When the enemy drew near enough to be seen from where we stood we all
gasped with astonishment. The hillsides were actually covered with
them—thousands upon thousands. They made our small army within the
village look like a mere handful.
"Saints alive!" muttered Polynesia, "our little lot will stand no chance
against that swarm. This will never do. I'm going off to get some help."
Where she was going and what kind of help she meant to get, I had no
idea. She just disappeared from my side. But Jip, who had heard her,
poked his nose between the bamboo bars of the fence to get a better view
of the enemy and said,
"Likely enough she's gone after the Black Parrots. Let's hope she
finds them in time. Just look at those ugly ruffians climbing down the
rocks—millions of 'em! This fight's going to keep us all hopping."
And Jip was right. Before a quarter of an hour had gone by our
village was completely surrounded by one huge mob of yelling, raging
Bag-jagderags.
I now come again to a part in the story of our voyages where things
happened so quickly, one upon the other, that looking backwards I see
the picture only in a confused kind of way. I know that if it had not
been for the Terrible Three—as they came afterwards to be fondly called
in Popsipetel history—Long Arrow, Bumpo and the Doctor, the war would
have been soon over and the whole island would have belonged to the
worthless Bag-jagderags. But the Englishman, the African and the Indian
were a regiment in themselves; and between them they made that village a
dangerous place for any man to try to enter.

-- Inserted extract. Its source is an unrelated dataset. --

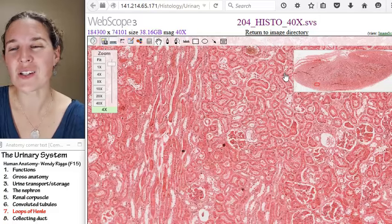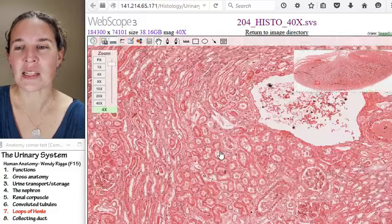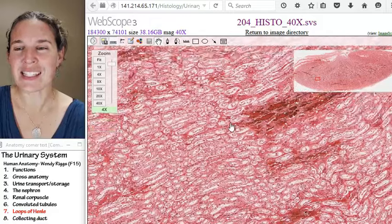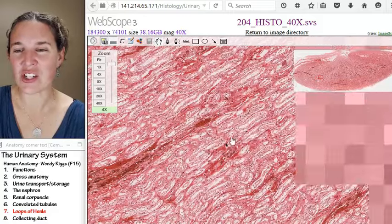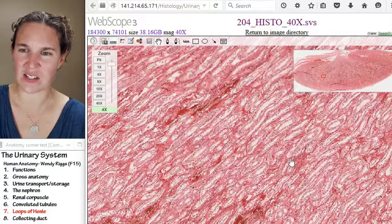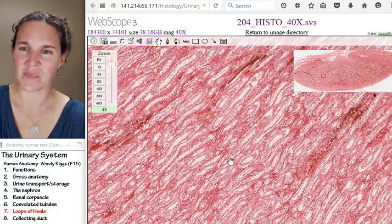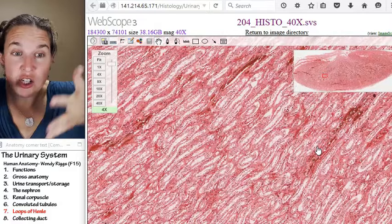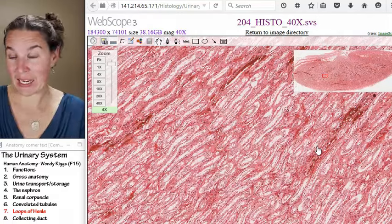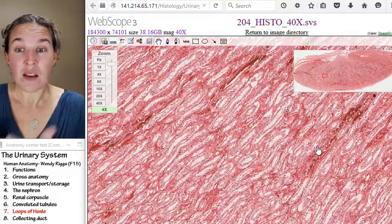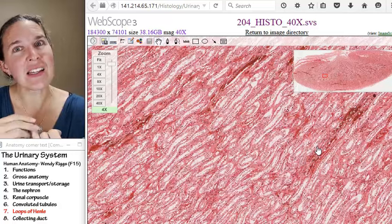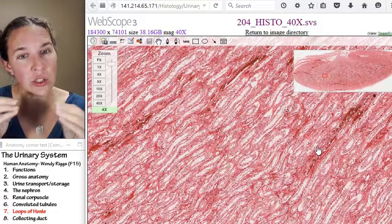But let's go check out the medulla. Let's go farther in, and you can see that the nature of the situation changes. Does it look different to you here? The medulla is just going to be a massive line of wholly collecting ducts and loops of Henle.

The bamboo fencing which had been hastily set up around the town was not
a very strong affair; and right from the start it gave way in one place
after another as the enemy thronged and crowded against it. Then the
Doctor, Long Arrow and Bumpo would hurry to the weak spot, a terrific
hand-to-hand fight would take place and the enemy be thrown out. But
almost instantly a cry of alarm would come from some other part of the
village-wall; and the Three would have to rush off and do the same thing
all over again.
The Popsipetels were themselves no mean fighters; but the strength and
weight of those three men of different lands and colors, standing close
together, swinging their enormous war-clubs, was really a sight for the
wonder and admiration of any one,
Many weeks later when I was passing an Indian camp-fire at night I
heard this song being sung. It has since become one of the traditional
folksongs of the Popsipetels.
Oh hear ye the Song of the Terrible Three
And the fight that they fought by the edge of the sea.
Down from the mountains, the rocks and the crags,
Swarming like wasps, came the Bag-jagderags.
Surrounding our village, our walls they broke down.
Oh, sad was the plight of our men and our town!
But Heaven determined our land to set free
And sent us the help of the Terrible Three.
One was a Black—he was dark as the night;
One was a Red-skin, a mountain of height;
But the chief was a White Man, round like a bee;
And all in a row stood the Terrible Three.
Shoulder to shoulder, they hammered and hit.
Like demons of fury they kicked and they bit.
Like a wall of destruction they stood in a row,
Flattening enemies, six at a blow.
Oh, strong was the Red-skin fierce was the Black.
Bag-jagderags trembled and tried to turn back.
But 'twas of the White Man they shouted, "Beware!
He throws men in handfuls, straight up in the air!"
The Sixth Chapter. General PolynesiaLong shall they frighten bad children at night
With tales of the Red and the Black and the White.
And long shall we sing of the Terrible Three
And the fight that they fought by the edge of the sea.